FIG. 6A is a flowchart that represents ‘use classifier’ section of a machine learning model trained to classify health and unhealthy drive cycles, in an example implementation. Once the models are trained, classifying a run time drive cycle is a two-step process: extracting coordinate vector for drive cycle using decomposition model and then passing coordinate vector as weights to the classification model. At step 601, classification and decomposition models are loaded with features extraction related metadata (metadata includes zone configurations). Now at step 603, coordinate vector is extracted for a drive cycle using decomposition model on micro telemetry data (logged or streaming, engine and ambients included). Any drive cycle at run time can now be decomposed as a combination of W(bases) & H (weights for bases). The coordinate vector H can now be fed to the classification model which outputs an ordered set of severities on an interval scale. These severities may include and are not limited to healthy, marginal clogging, restricted flow and fully clogged. At step 604, drive cycles are labelled healthy and unhealthy using classification model.
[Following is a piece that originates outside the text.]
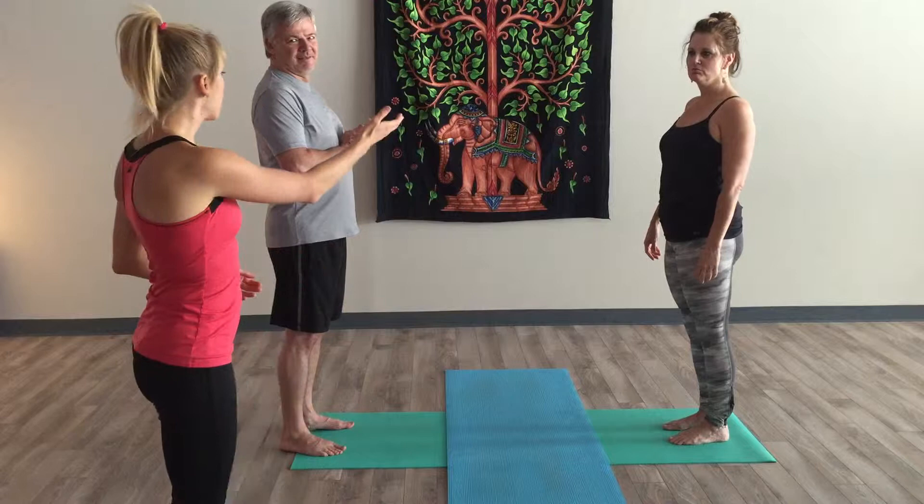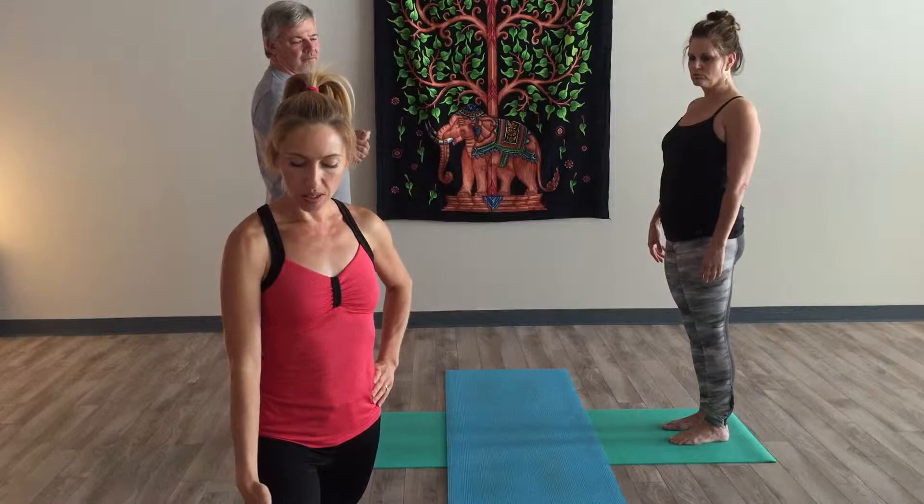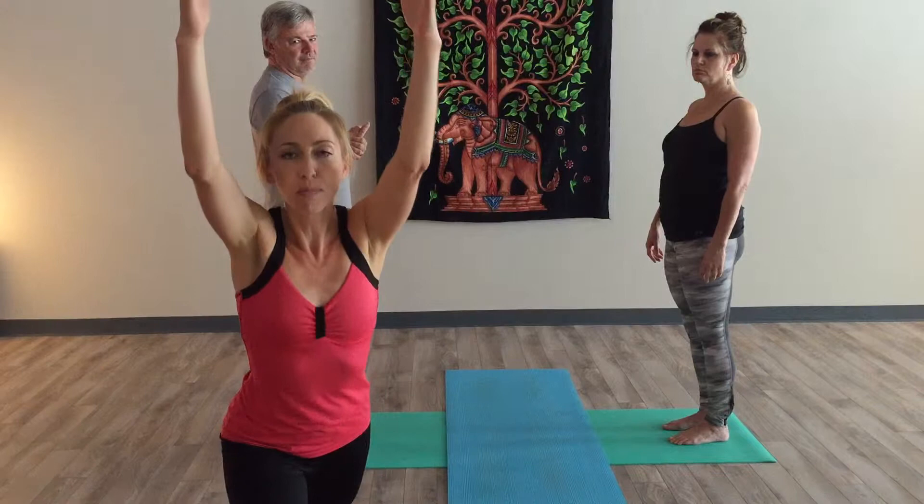My name is Sunny, and Sandy and Steve will demonstrate warrior one pose with a partner. It allows for better alignment. Oftentimes when we do warrior one, the knee comes in, and when we lift the arms people lean all the way forward. When we do it with a partner, we align the knee better and are able to extend the spine up.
Example implementations described herein have been found to be extremely efficacious in early detection of injector clogging. In the trial landscape described above, the example implementation was able to preempt injector clogging up to 15000 KMs prior to tailpipe emissions test failing. The bases and coordinate matrices can be derived using design-validation data in trial phases of the product/vehicle-platform. The classification model can also be trained in the trial phase. Once the bases and coordinate matrices are available and weights for the classification model have been asserted, running model predictions on new drive cycles is found to be computationally light.

FIG. 6B is a graph showing a healthy probability distribution.

Examples of the systems and methods described herein may track the contrast in λ across different operating modes defined on the engine speed and calculated engine load plane. The reconstruction of the original drive cycle using basis elements and coordinate vectors nullifies artifacts and amplifies vital trends in fuel trims against engine operating modes. The drive cycles represented as coordinate vectors with R weights for bases are fed into a classification model which can train on combustive payloads of real-world usage profile data. This ensures heightened sensitivity to injector clogging while the model prediction process continues to be computationally lightweight. This enables integration of example implementations of the systems and methods described herein with cloud-based analytics powered by telematics data as well as modules (including and not limited to modules such as Engine Control Unit, after treatment System, Infotainment System and Body Controller) integrated with the vehicle's data bus.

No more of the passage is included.